We discovered a reaction
of acetic
acid production from methanol, CO2 and H2, which
is different from the well-known methanol carbonylation. We also discovered
a reaction of C3+ carboxylic acids syntheses using ethers
to react with CO2 and H2, which proceeds via
olefins as intermediates. Following the new reaction, we realized
the synthesis of acetamide by introducing various amines, which may
inspire the development of further catalytic schemes for preparing
a variety of special chemicals using carbon dioxide as a building
block.
We designed a
series of homogeneous
catalysts to accelerate the production of C2+ alcohols
via CO2 hydrogenation.
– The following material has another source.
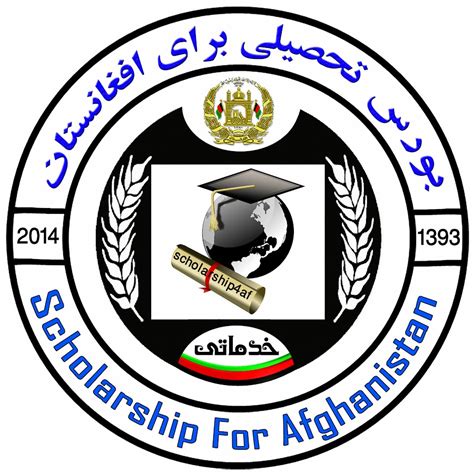 international scholarship for afghanistan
In the heterogeneously catalyzed
CO2 hydrogenation, we discovered the role of water in enhancing
the synthesis of C2+ alcohols. We also developed a series
of routes for ethanol production using CO2 and H2 to react with some substrates, such as methanol, dimethyl ether,
aryl methyl ether, lignin, or paraformaldehyde.
We designed a catalyst that can directly
hydrogenate CO2 to C5+ hydrocarbons at 200 °C,
not via the traditional CO or methanol intermediates. We also designed
a route to couple homogeneous and heterogeneous catalysis, where exceptional
results are achieved at 180 °C.